Los cuarenta días de la Cuaresma son una cuarentena y sabemos de qué se trata. El retorno del año litúrgico nos enseña que al final hay un arresto y una sentencia de muerte, y al final final, la resurrección. Todo un programa, para toda la vida, la individual de cada uno de nosotros, la de la humanidad. El historiador italiano, Aldo Schiavone, nos dio hace poco un Ponzio Pilato, apasionante biografía del prefecto de Judea que condenó a Jesús. Ese gran personaje del imaginario occidental está presente en grandes novelas, como El Maestro y Margarita de Bulgakov, Judas de Amos Oz, o La facultad de las cosas inútiles de Yuri Dombrovski.

La tesis de Schiavone es que el hombre que se lava las manos, símbolo del cobarde que huye de sus responsabilidades, no es tal. Cuando, en las primeras horas de la mañana, le presentan a Jesús –el encuentro entre César y Dios–, Pilato intenta varias veces soltarlo, hasta que adivina el sentido de la resignación obstinada del preso. El prefecto entiende la meta de Jesús, el sacrificio redentor, y “acoge esta inexplicable voluntad que está delante de él”. Toma su decisión con plena conciencia. En las leyendas populares que nacieron de manera muy temprana, tanto el centurión Longino, el de la lanza en el costado de Jesús, como Poncio Pilato se vuelven cristianos.

Si Pilato hubiera liberado a Jesús, Cristo no habría existido, no habría sucedido nada. La historia habría seguido su curso, dice Schiavone. Su muerte era necesaria, pero una muerte consciente y libre, la del Hijo del Hombre. Poncio Pilato cumplió su papel en el misterioso plan divino. Parece haber sido un tirano: “Soborno, violencia, ejecuciones sumarias, infinitas y horrorosas crueldades”, escribió de Pilato el rey Agripa I en una carta al emperador Tiberio.

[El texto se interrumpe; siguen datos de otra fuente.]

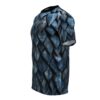 Deep blue and charcoal grey scales with textured lines cover this graphic streetwear tee with a fierce fantasy vibe.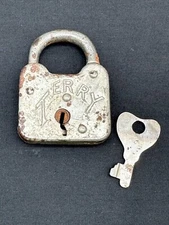 Vintage Terry Padlock Lock with Key USA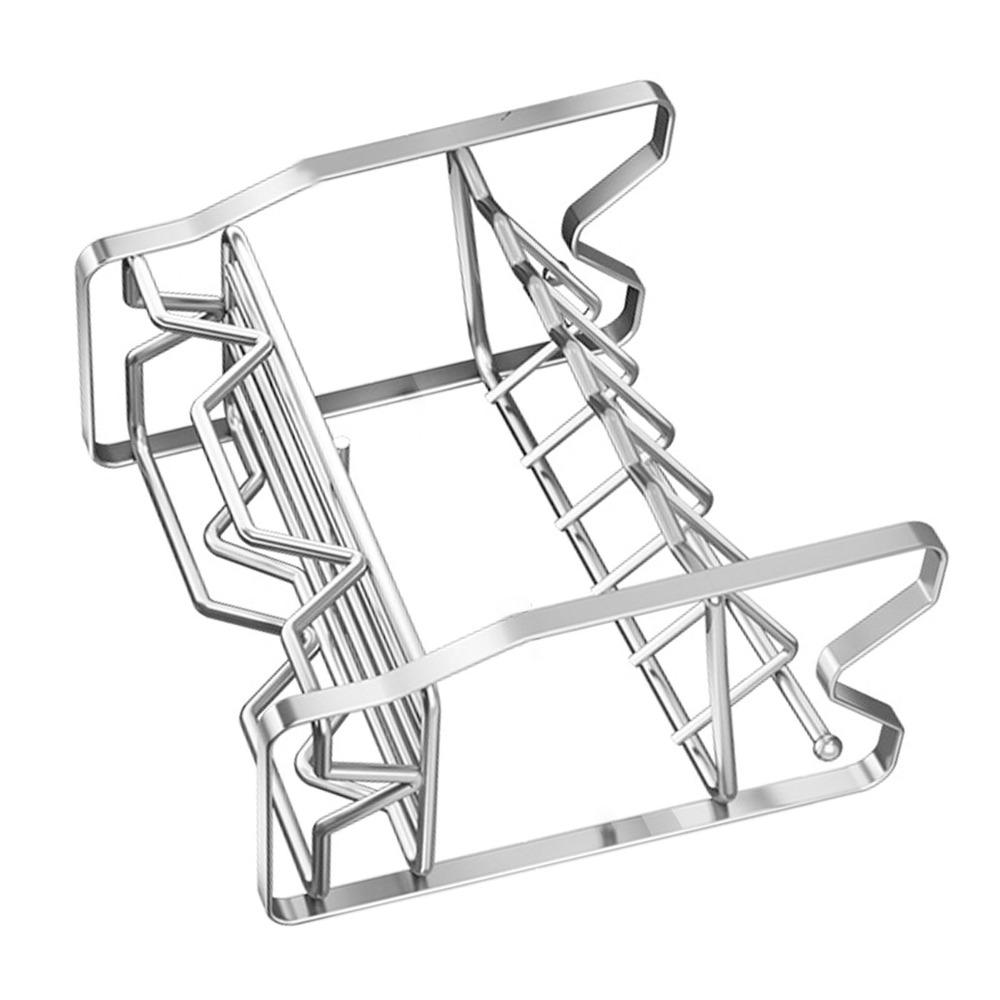 11.81×5.91×10.63in Seasoning Rack 2 Tier Storage Shelf Practical Roasting Rack Cabinet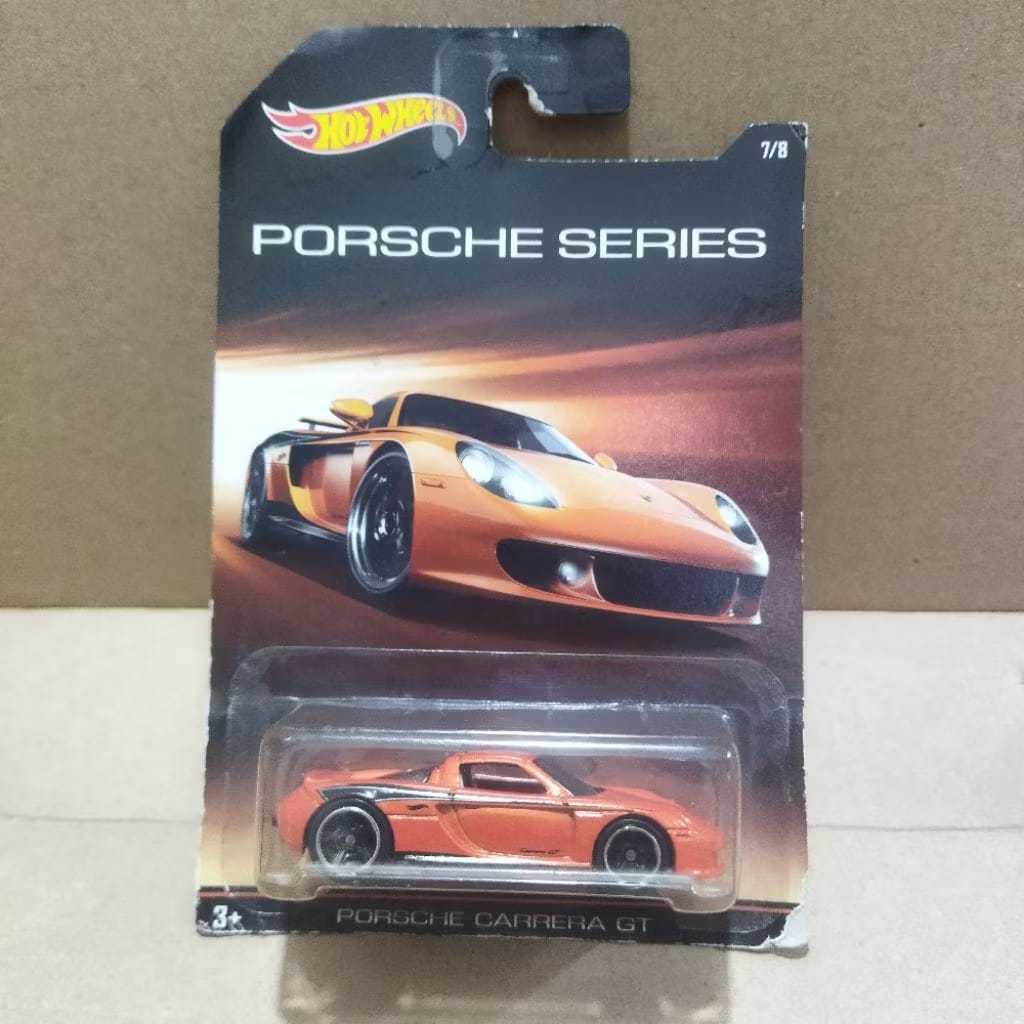 Hot Wheels Porsche Series 2015 PORSCHE CARRERA GT orange Diecast Monster Car
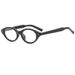 Women's Eyewear Frames Small Frame Oval Glasses For Women Fashion Retro Flat Rice Nail Cat Eye Glasses For Men_viptrois.com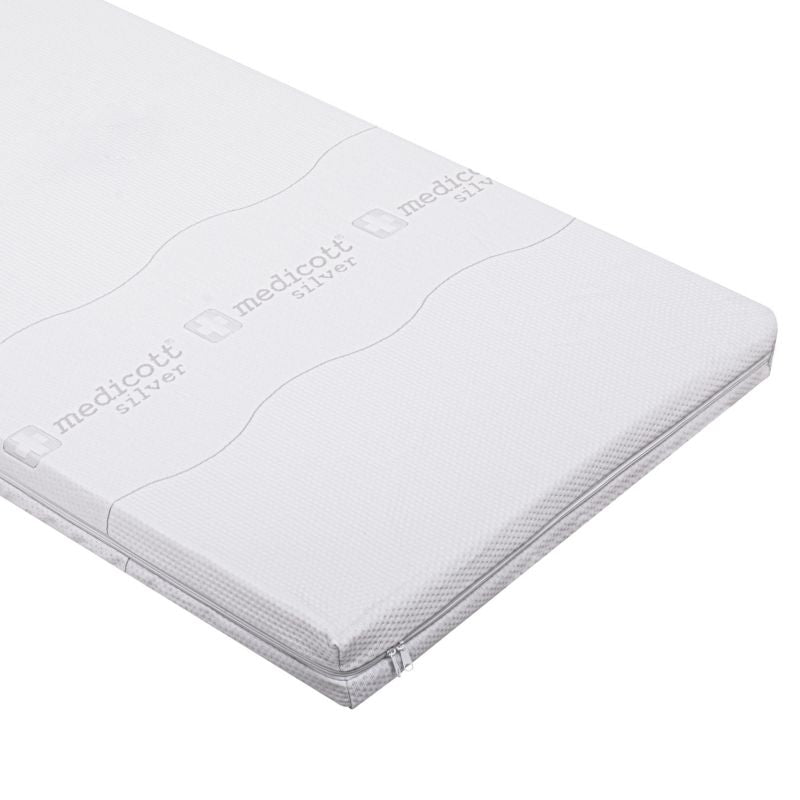 Kam-Pol madrasbetræk med sølvioner med lynlås 180x200x25 cm, 1 stk.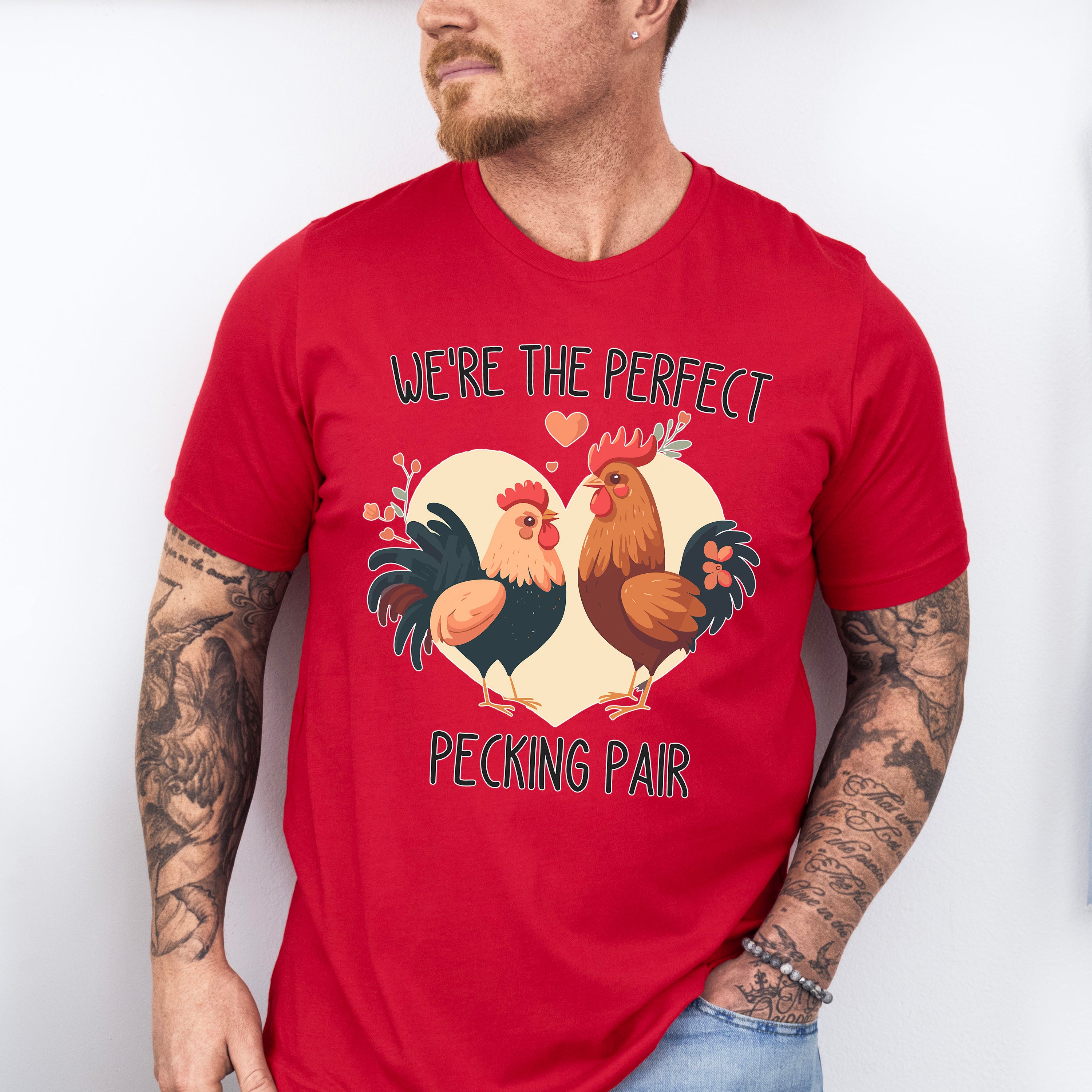 Perfect Pecking Pair Valentines Theme T-shirt, Hoodie, Sweatshirt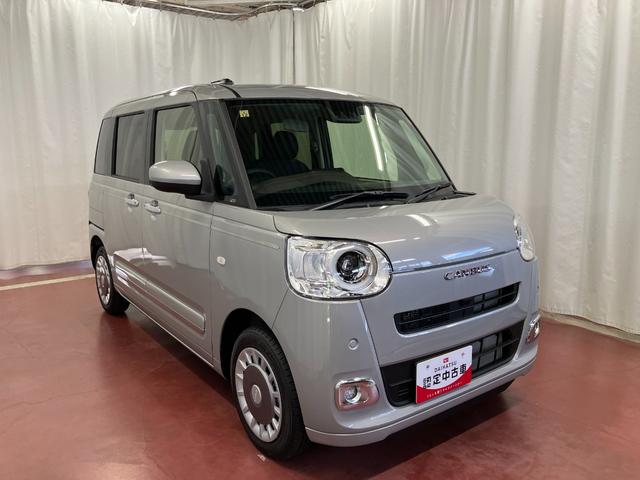 ムーヴキャンバスセオリーＧひょう害車　届出済未使用車　元展示車　アイドリングストップ　衝突被害軽減システム　電動格納ミラー　ＬＥＤヘッドランプ　シートヒーター　両側電動スライドドア　オートライト　ベンチシート　イモビライザー（長崎県）の中古車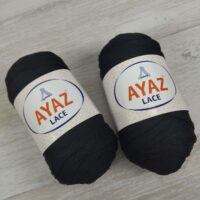Аяз Лейс (Ayaz Lace) 250г/225м 1217 чорний стрічка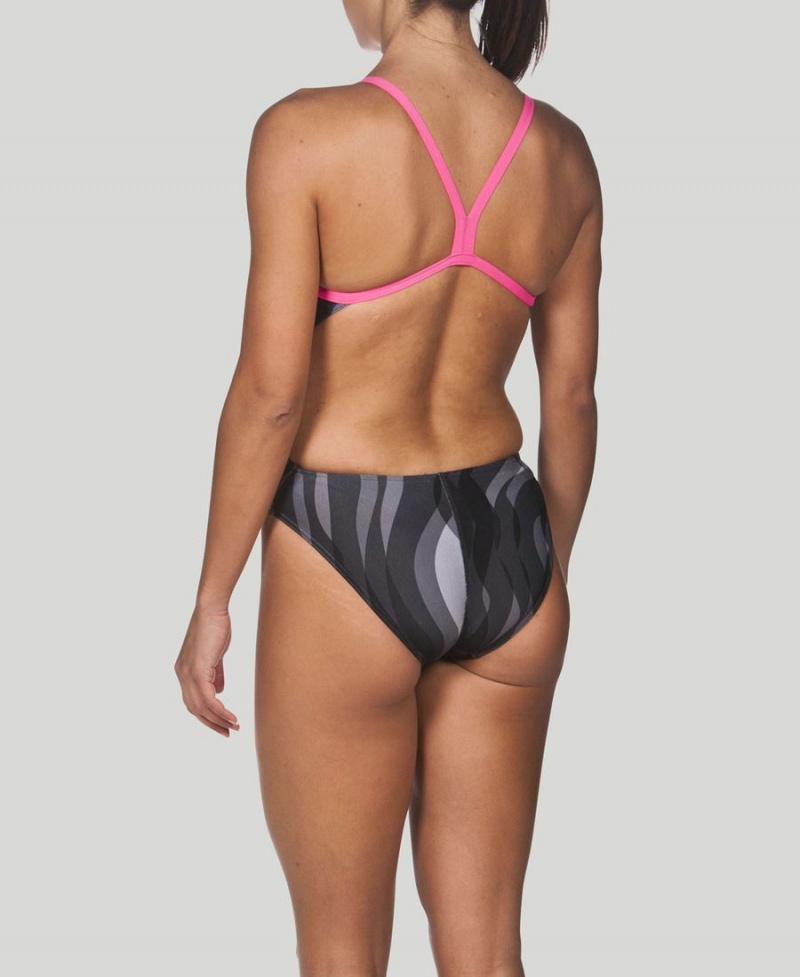 Noir Rose Maillot de Bain Arena Wavy D'eau Challenge Back - HQI-0955717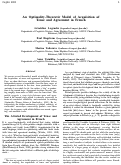 Cover page: An Optimality-Theoretic Model of Acquisition of Tense and Agreement in French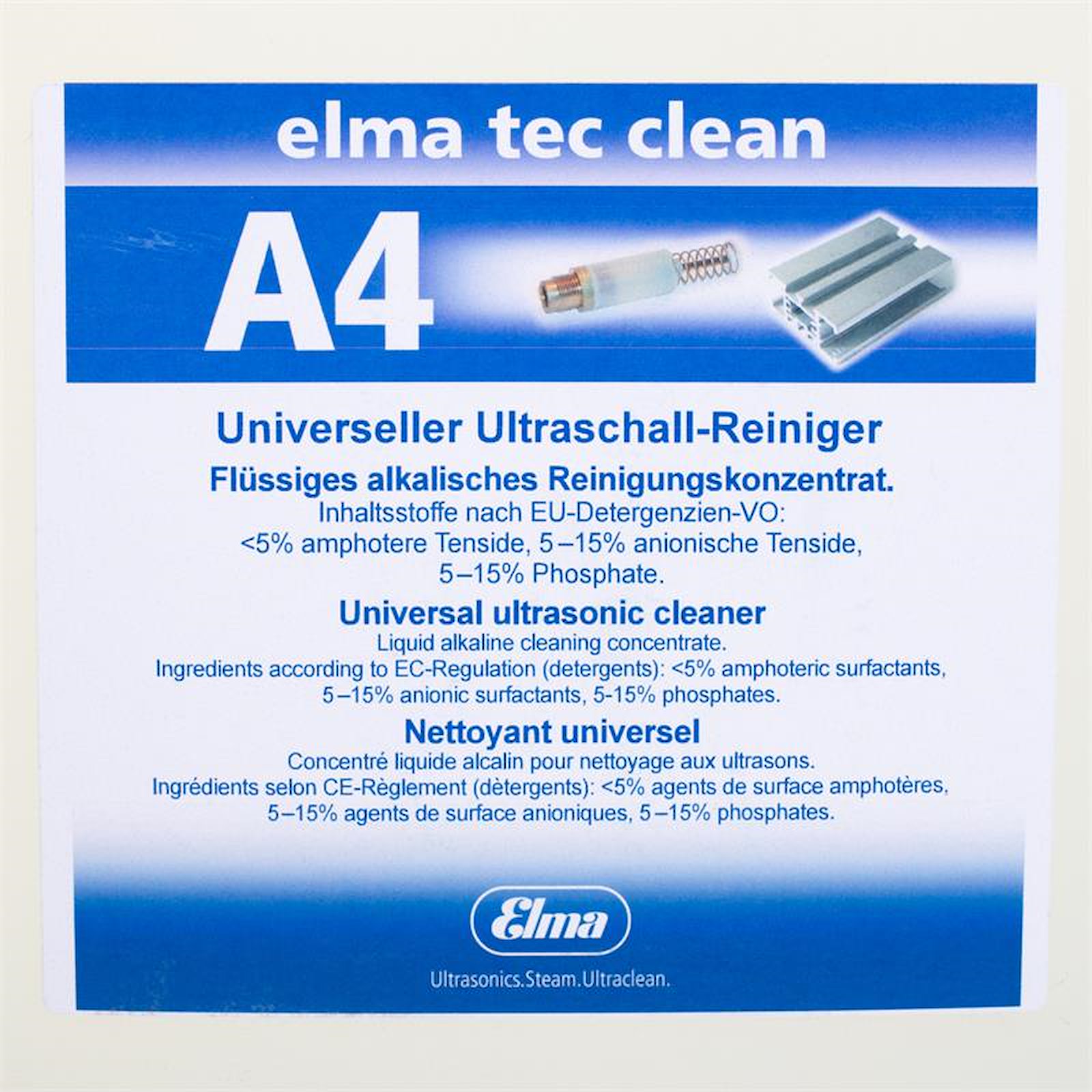 elma tec clean A4 Etikett Vorderseite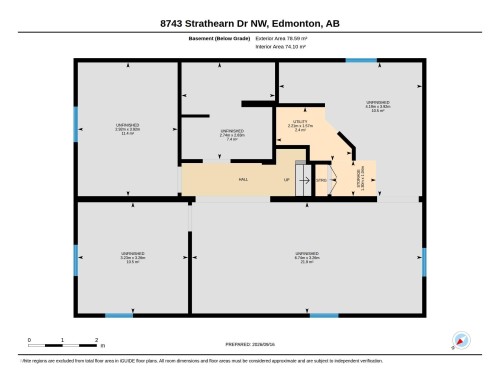 Floor plan - 8743 Strathearn Drive Nw, Edmonton, AB 
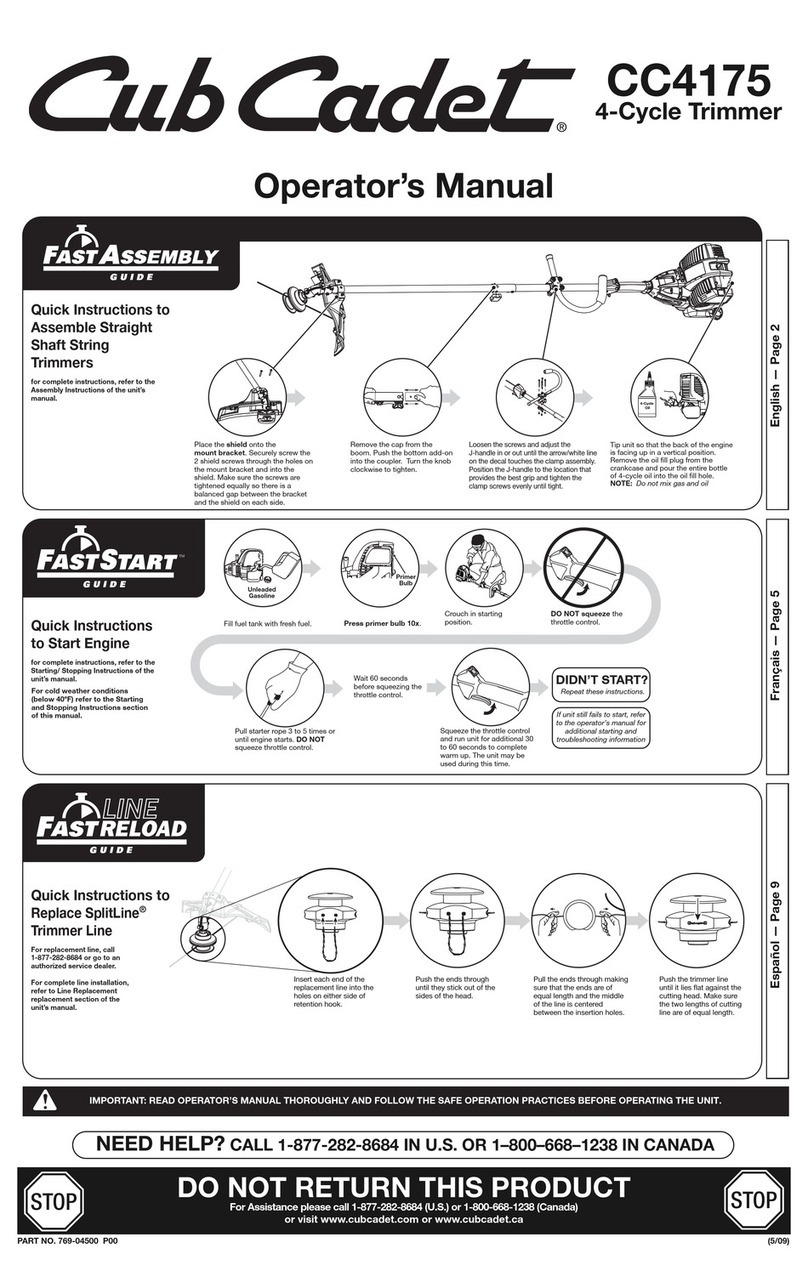 Cub Cadet CC4175 User manual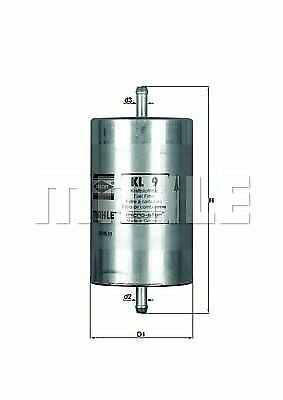 MAHLE KL 9 Fuel filter for ALFA ROMEO, ALPINA, ALPINE, AUSTIN, BERTONE, BMW, CIT
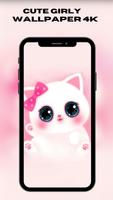 Cute Girly Wallpaper Plakat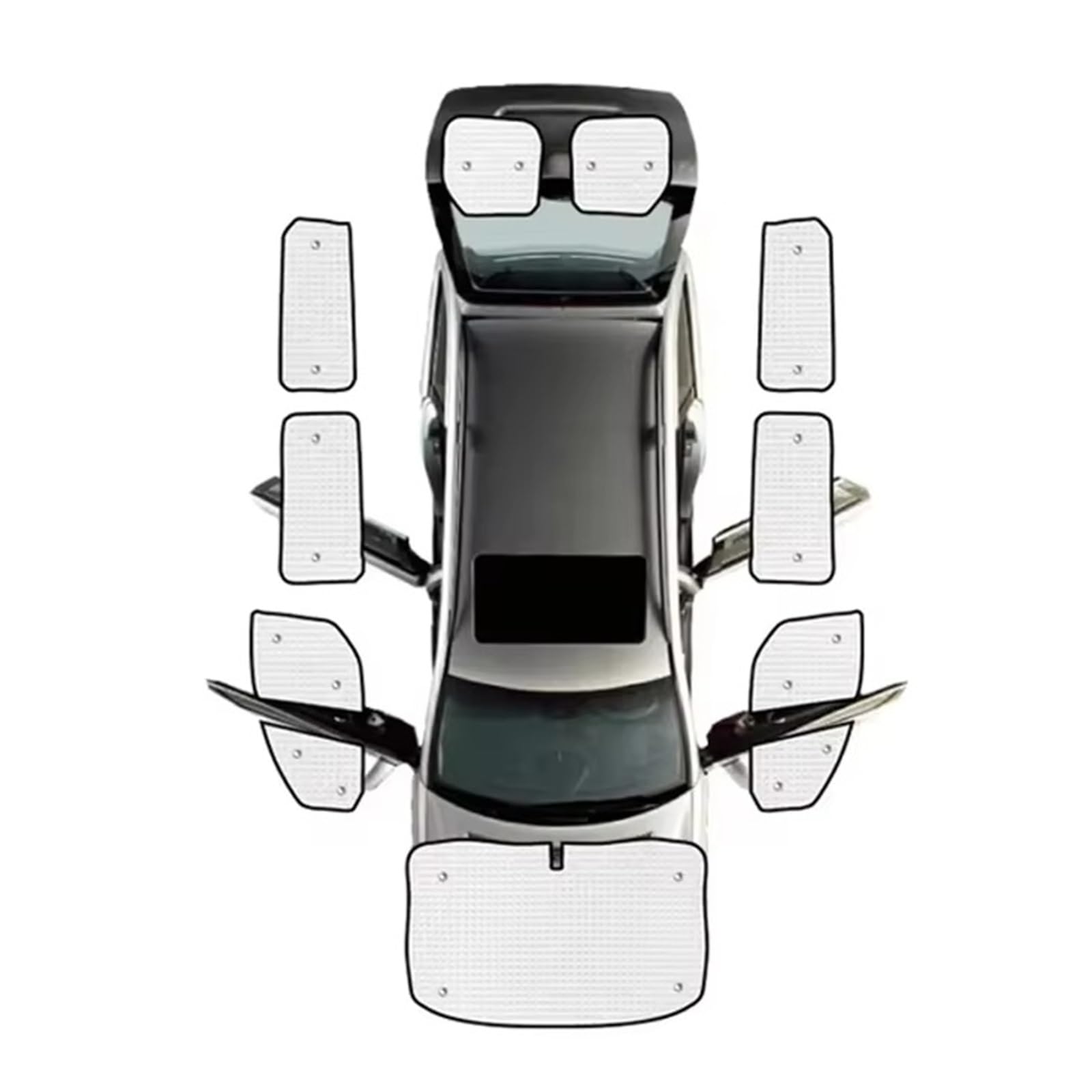 Sonnenschutz Auto Auto-Sonnenblenden Visier Sonnenschutz Jalousien Innenausstattung Zubehör Für Ford Für Transit Für Custom L2H2 L1H1 Camper 2012–2021 Autofenster Sonnenschutz(All Sunshades) von Gnshdg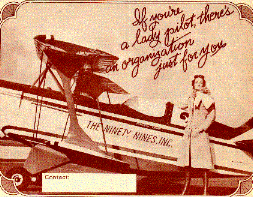 the Ninety-Nines, an all women's pilots' organization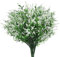 Bimhayuu Künstliche Pflanzen Blumen 8 Bündel Kunstblumen Im Topf Fake Flowers Künstliche Balkonpflanzen Sträucher Kunstblume Lavendel für Thanksgiving Weihnachten Hochzeit Party Haus Garten (Weiß)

Jesús, un día, lo había mencionado a sus discípulos, a propósito de los galileos, cuya sangre Pilato había mezclado con la de sus sacrificios. Pero, aun así, no quería ajusticiar a Cristo. ¿Por qué? Aquí empieza la confusión que Schiavone quiere disipar. Los escritores cristianos lo complicaron terriblemente todo.

Uno puede especular de otra manera que Schiavone. A los judíos no les gustaba Pilato, escribían a Roma quejándose y finalmente obtuvieron lo que querían. Pilato fue destituido, años después de aquella mañana del viernes que se llamaría Viernes Santo. Algunos dicen que fue obligado a suicidarse en tiempo de Calígula, otros dicen que Nerón lo mandó ejecutar, otros que, exiliado, se ahogó en el lago de Lucerna. En los Alpes, sé de un cerro que se llama el Monte Pilato. El caso es que uno puede pensar que no quería ajusticiar a nadie para complacer a sus enemigos judíos. O bien, que Pilato, como buen político, tenía una razón de Estado: este Jesús, predicador errante, no era un agitador revolucionario: el hombre debe transformarse desde dentro y luego todo vendrá por sí solo. Y criticaba a la autoridad de los fariseos y del Sanedrín, autoridad peligrosa para el Imperio romano.

Pienso yo que el romano, hombre duro y despiadado, fue impresionado por lo que sus informantes le reportaron: “Amad a vuestros enemigos, bendecid a los que os maldicen, haced bien a los que os odian y orad por los que os ultrajen y persiguen”. ¿Invita a rezar por mí, el invasor, a amarme? Sintió que Jesús, que Cristo –ya puedo decir Cristo– era una fuerza. Dostoievski dijo que la mansedumbre es una fuerza terrible. Un Dostoievski bien confundido en su deseo de ser verdaderamente cristiano, atormentado entre dos personajes simbólicos, el desastroso príncipe Mishkin y el Gran Inquisidor. Yuri Dombrovski tiene razón cuando dice que Pilato era mucho más realista que Dostoievski y su inquisidor. “Entendía a Cristo tal como era y ese Cristo le iba muy bien”. Encuentro fabuloso entre el historiador italiano y el escritor ruso.

Después: la resurrección en la primavera de Jerusalén. Pasan los siglos y los milenios con sus variaciones históricas; “sólo el año litúrgico de la Iglesia teje la gloria santa de la eternidad” (Franz Rosenzweig, La Estrella de la redención).